If Alsop’s library set the new template, Frank’s Café (star dish: roasted cauliflower, zhug, pitta), on Rye Lane, provided the gold standard for the Peckham renaissance. Open every summer, it occupies the top floor of a former multistorey car park, welcoming children and dogs with alacrity, and staff hand out blankets on chillier evenings.

The six storeys beneath Frank’s host Peckham Levels, which are open year-round: a galli­maufry of international cuisine (mezze platters, Hawaiian poke, vegan pizza), a yoga centre, art and ceramics studios and Ghost Notes, a live-music bar. Tickets for the latest Hollywood releases and independent films at the ground-floor Peckhamplex cost a mere £4.99 (US$6.40), less than half the price of cinema admission in London’s West End. All in all, perhaps the absolute best use of a used car park anywhere, ever.

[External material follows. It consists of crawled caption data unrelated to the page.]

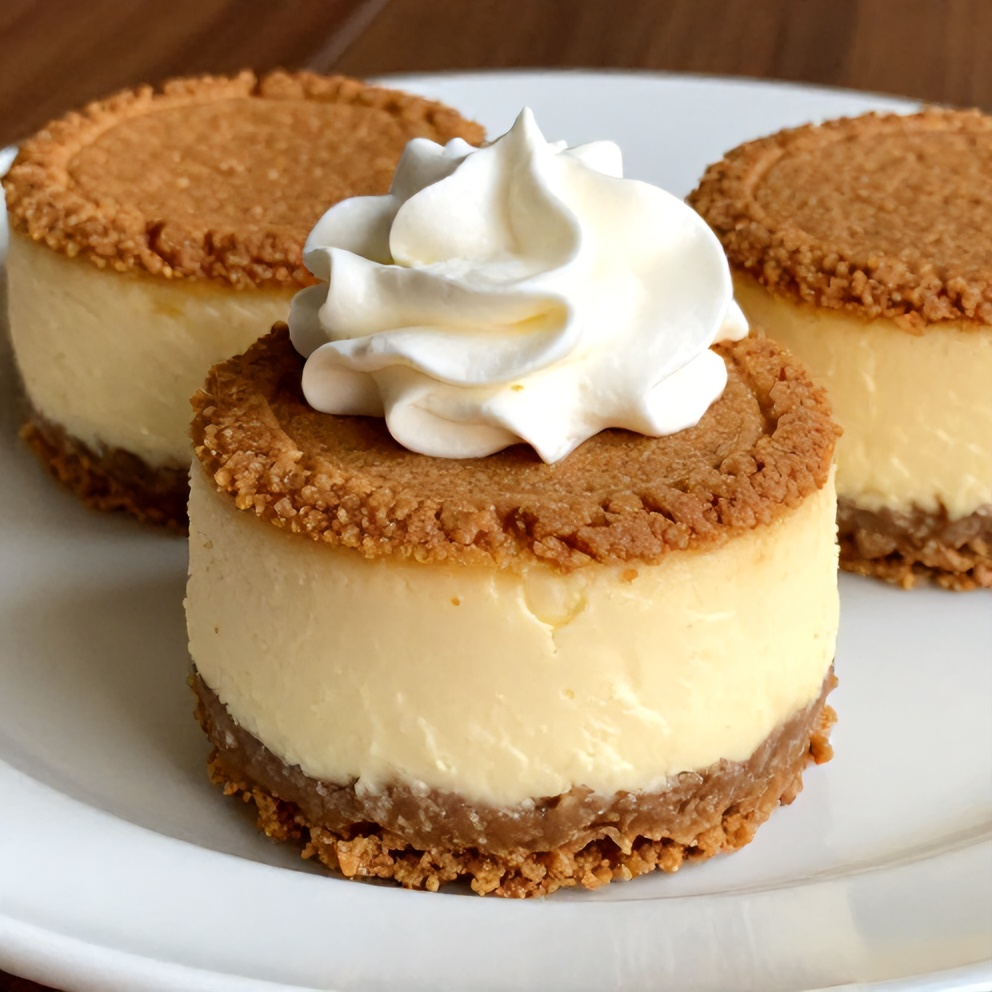 No-Bake Biscoff Cheesecake Cups with a dollop of whipped cream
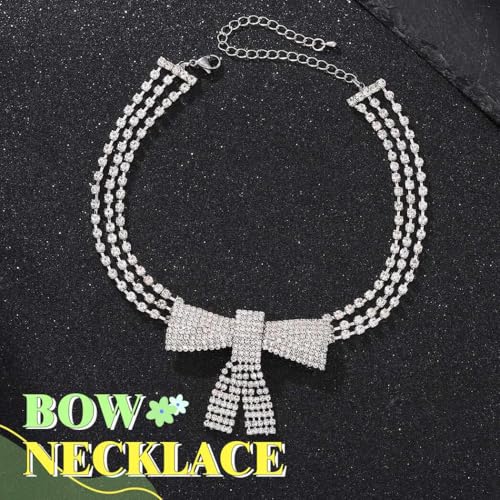 JEAIRTS Rhinestone Choker Necklace Silver Diamond Chain Jewerly for Women | Sparkly Multi-row Crystal Chokers Women's Wedding Prom Formal Jewelry Accessories - color: Style 5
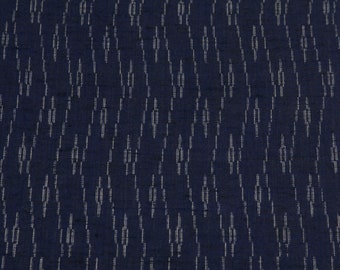 TSUMUGI Japanese Wool Fabric Kyoto Nishijin Indigo Navy Blue Kasuri Cross Noren Scarf Boro Bohemian Ikat Folk Art Mingei Zen Unused Bolt NOS
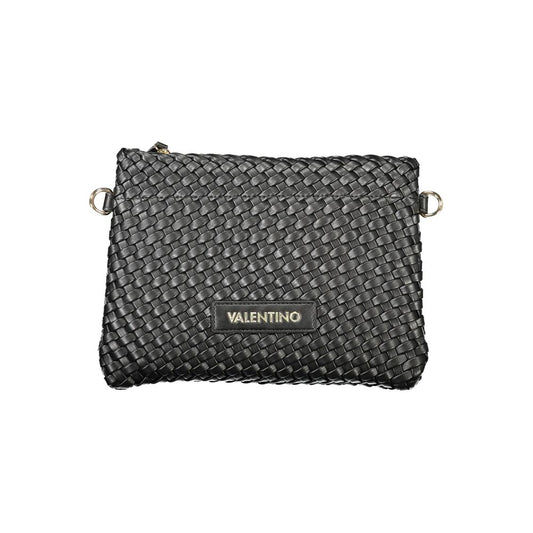 Mario Valentino Black Polyethylene Women Handbag with woven texture and logo, featuring zip closure and internal pocket for organization.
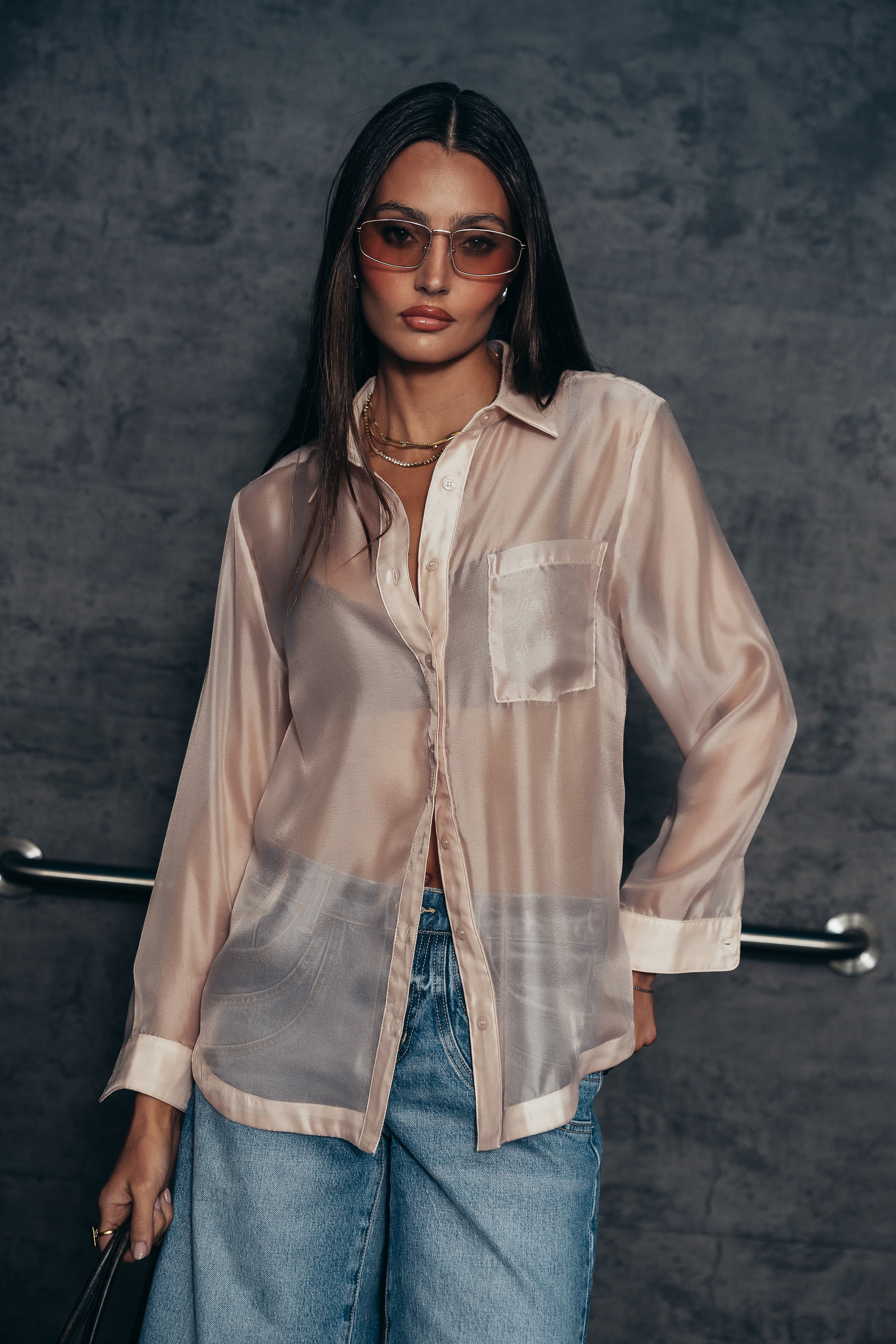 Liberty Sheer Button Up Blouse in Blush - FINAL SALE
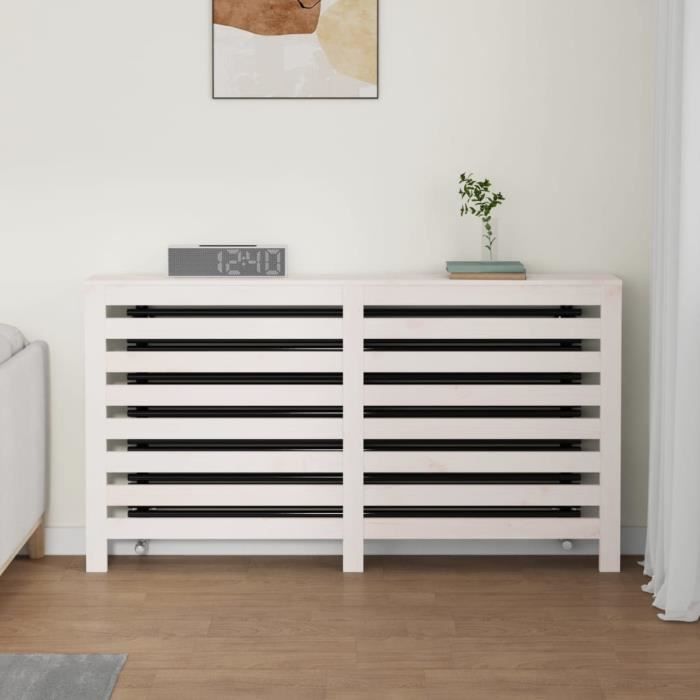822602 vidaXL Radiator Cover White 153x19x84 Cm Solid Pine Wood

Frank’s Café sits on the upper level of a former multistorey car park. Picture: Alamy

“There’s one word to explain what’s happened in Peckham – multiculturalism,” says Russ Willey, who edited Brewer’s Dictionary of London Phrase & Fable and traces his London roots to an 18th-century Oxford Street innkeeper. “As well as its direct effect of introducing a colourful mix of people – with their different lifestyles, foods, music and other arts – multiculturalism tends to have an indirect consequence: lower property prices, which means younger residents.

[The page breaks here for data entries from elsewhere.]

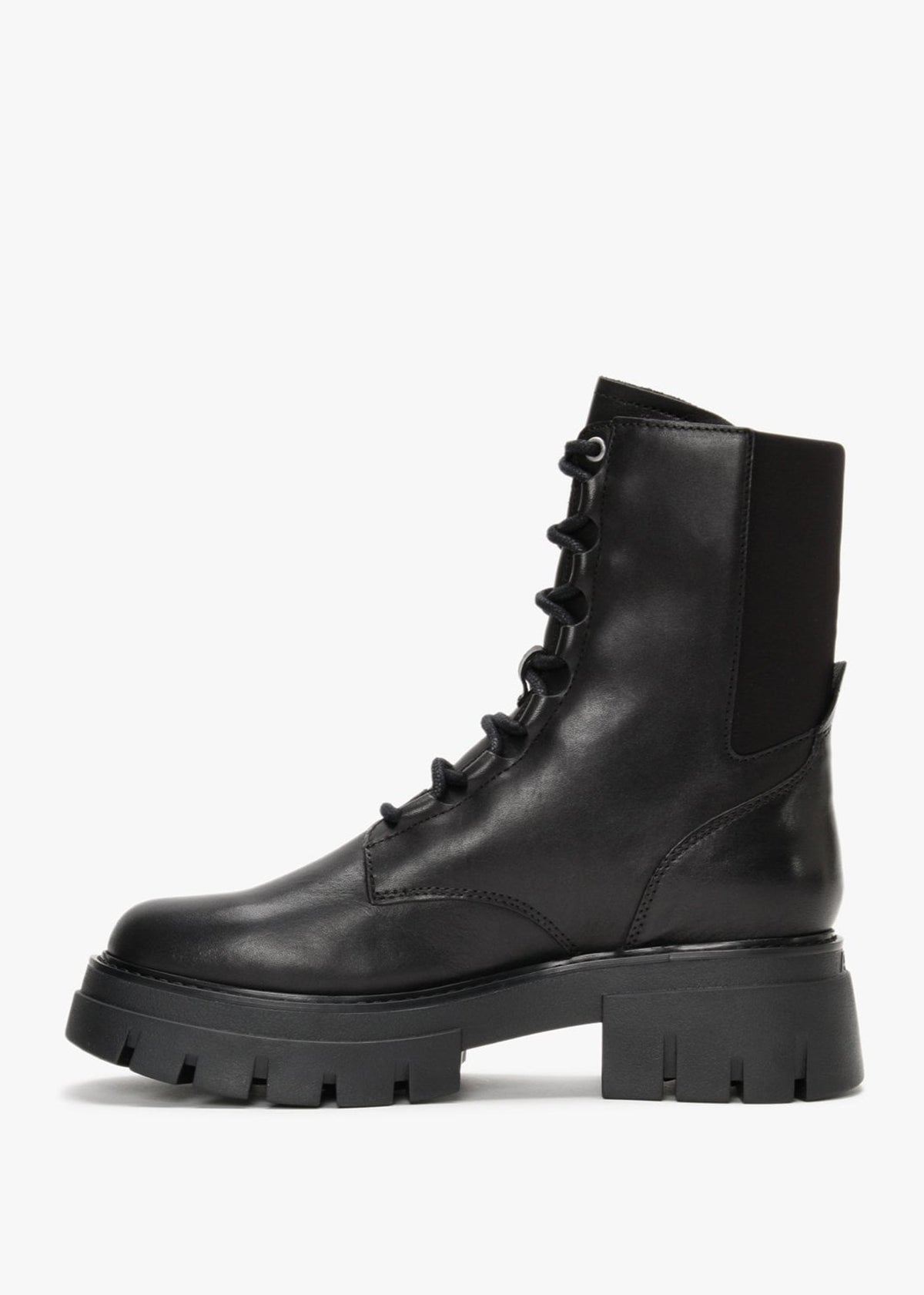 Lets Zip Black Leather Biker Boots
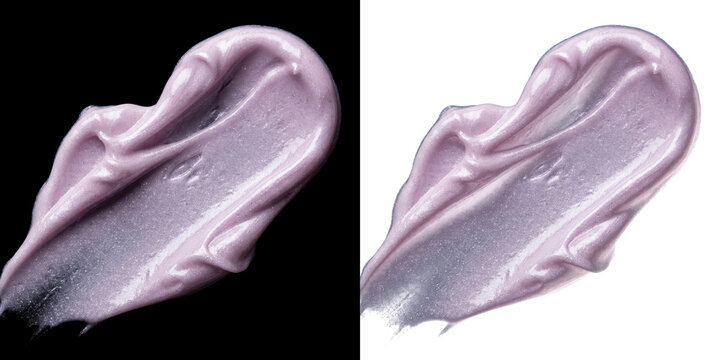 Png of cosmetic purple cream or gel smear with glitter texture, skincare product swatch, beauty makeup sample on black and transparent backgrounds
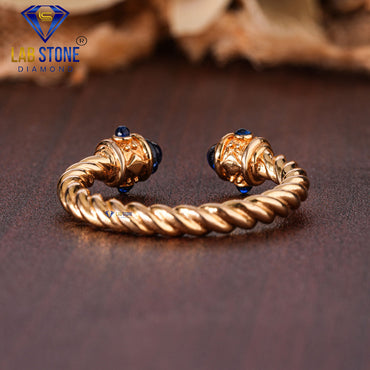 0.12 TDW F. Blue Princess Cut Gemstone & Stone Mop Women’s Twisted Band Engagement Ring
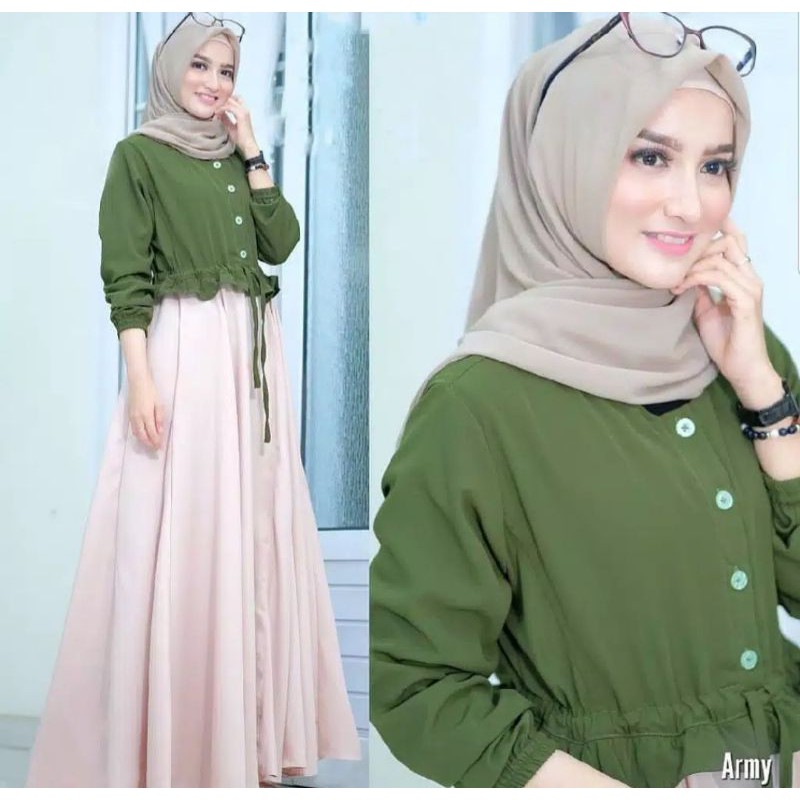 Anjani dress baju gamis pakaian wanita dress fashion muslim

“And it’s not just the homes that are more reasonably priced in a place like Peckham. Studios for artists, sculptors, music producers and video makers are affordable, too. Same applies to arts venues like independent galleries and performance spaces.”

It was just such a vibe that drew 30-year-old Megan Rodger, a designer for Public Health England, to live in Peckham in 2014.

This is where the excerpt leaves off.